• **The task**
Copy out exactly every line from the line containing "Cozy Murphy Cabin" until the records below end, inclusive of both boundary lines.

^^^^

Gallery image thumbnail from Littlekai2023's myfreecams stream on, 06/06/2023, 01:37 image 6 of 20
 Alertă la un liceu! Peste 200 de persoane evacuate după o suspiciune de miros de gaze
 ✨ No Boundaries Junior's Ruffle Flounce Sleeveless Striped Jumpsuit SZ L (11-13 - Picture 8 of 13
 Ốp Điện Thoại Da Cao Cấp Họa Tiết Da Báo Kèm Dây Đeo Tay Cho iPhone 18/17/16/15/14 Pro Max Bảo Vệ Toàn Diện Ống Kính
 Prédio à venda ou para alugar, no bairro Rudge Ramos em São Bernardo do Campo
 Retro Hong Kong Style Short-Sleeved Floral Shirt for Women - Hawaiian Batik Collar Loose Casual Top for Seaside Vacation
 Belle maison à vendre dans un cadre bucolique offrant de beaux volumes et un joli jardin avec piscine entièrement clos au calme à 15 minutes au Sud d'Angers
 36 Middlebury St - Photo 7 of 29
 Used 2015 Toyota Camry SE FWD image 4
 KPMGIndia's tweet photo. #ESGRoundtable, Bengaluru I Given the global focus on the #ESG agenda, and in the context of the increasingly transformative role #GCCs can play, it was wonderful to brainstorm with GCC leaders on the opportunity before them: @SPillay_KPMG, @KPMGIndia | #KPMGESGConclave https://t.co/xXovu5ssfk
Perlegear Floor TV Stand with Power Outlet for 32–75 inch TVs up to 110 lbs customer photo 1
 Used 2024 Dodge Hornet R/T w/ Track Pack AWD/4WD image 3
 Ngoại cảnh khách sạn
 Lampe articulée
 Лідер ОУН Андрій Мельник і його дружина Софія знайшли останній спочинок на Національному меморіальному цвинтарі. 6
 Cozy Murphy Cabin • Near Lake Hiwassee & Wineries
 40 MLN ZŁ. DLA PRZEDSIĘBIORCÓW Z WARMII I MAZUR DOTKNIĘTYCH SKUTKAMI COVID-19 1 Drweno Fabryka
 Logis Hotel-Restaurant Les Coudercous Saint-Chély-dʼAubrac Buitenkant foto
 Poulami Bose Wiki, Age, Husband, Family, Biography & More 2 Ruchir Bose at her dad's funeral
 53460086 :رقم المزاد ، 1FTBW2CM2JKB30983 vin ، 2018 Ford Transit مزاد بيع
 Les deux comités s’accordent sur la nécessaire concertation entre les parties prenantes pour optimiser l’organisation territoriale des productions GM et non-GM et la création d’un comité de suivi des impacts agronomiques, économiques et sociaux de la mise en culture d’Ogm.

^^^^

• **Solution**
 Cozy Murphy Cabin • Near Lake Hiwassee & Wineries
 40 MLN ZŁ. DLA PRZEDSIĘBIORCÓW Z WARMII I MAZUR DOTKNIĘTYCH SKUTKAMI COVID-19 1 Drweno Fabryka
 Logis Hotel-Restaurant Les Coudercous Saint-Chély-dʼAubrac Buitenkant foto
 Poulami Bose Wiki, Age, Husband, Family, Biography & More 2 Ruchir Bose at her dad's funeral
 53460086 :رقم المزاد ، 1FTBW2CM2JKB30983 vin ، 2018 Ford Transit مزاد بيع
 Les deux comités s’accordent sur la nécessaire concertation entre les parties prenantes pour optimiser l’organisation territoriale des productions GM et non-GM et la création d’un comité de suivi des impacts agronomiques, économiques et sociaux de la mise en culture d’Ogm.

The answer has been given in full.